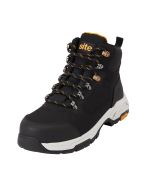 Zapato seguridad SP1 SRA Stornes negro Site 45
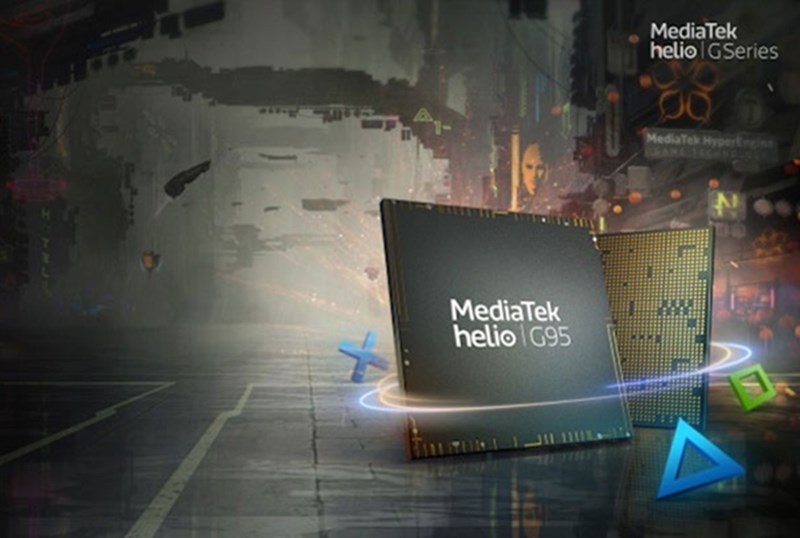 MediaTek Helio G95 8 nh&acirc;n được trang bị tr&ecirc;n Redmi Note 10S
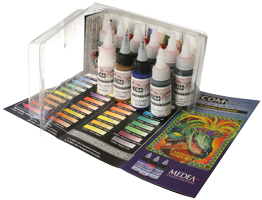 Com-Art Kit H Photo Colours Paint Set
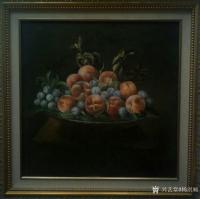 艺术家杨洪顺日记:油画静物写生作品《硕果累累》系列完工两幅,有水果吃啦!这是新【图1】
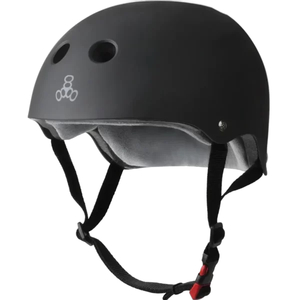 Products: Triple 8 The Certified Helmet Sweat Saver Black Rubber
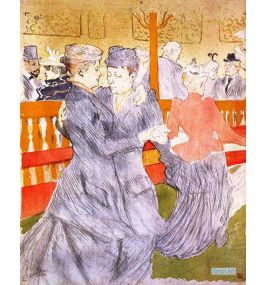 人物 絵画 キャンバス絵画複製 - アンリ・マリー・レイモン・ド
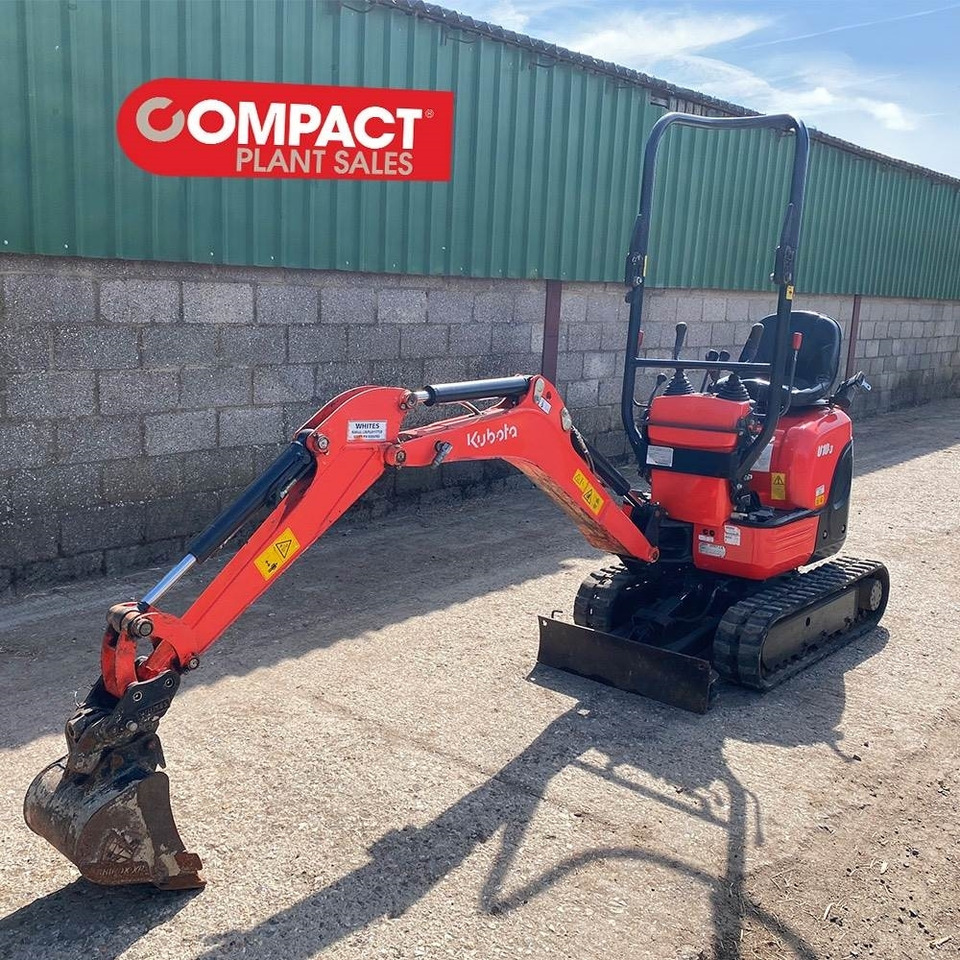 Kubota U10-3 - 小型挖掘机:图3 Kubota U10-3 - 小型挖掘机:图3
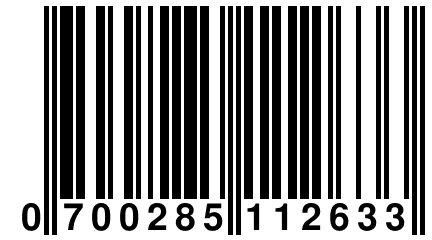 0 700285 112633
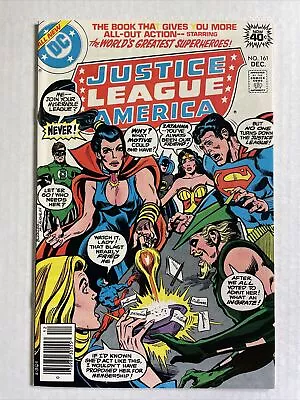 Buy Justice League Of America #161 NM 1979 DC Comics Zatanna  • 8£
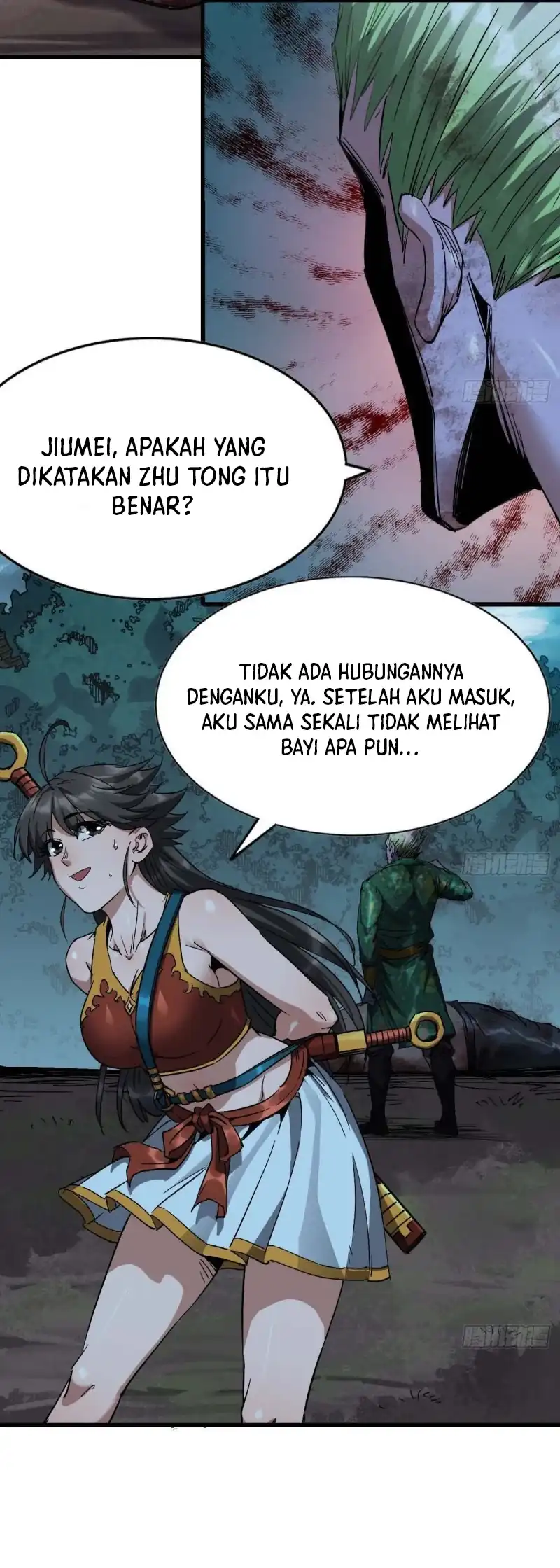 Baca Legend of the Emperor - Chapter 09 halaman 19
* * *
* Required work *
Without any pictures, please write out the lines from the one containing "Buy Justice League" through the final line of the data, exactly and inclusive of both ends.

* Answer *
 Buy Justice League Of America #161 NM 1979 DC Comics Zatanna  • 8£
 Baca Legend of the Emperor - Chapter 09 halaman 19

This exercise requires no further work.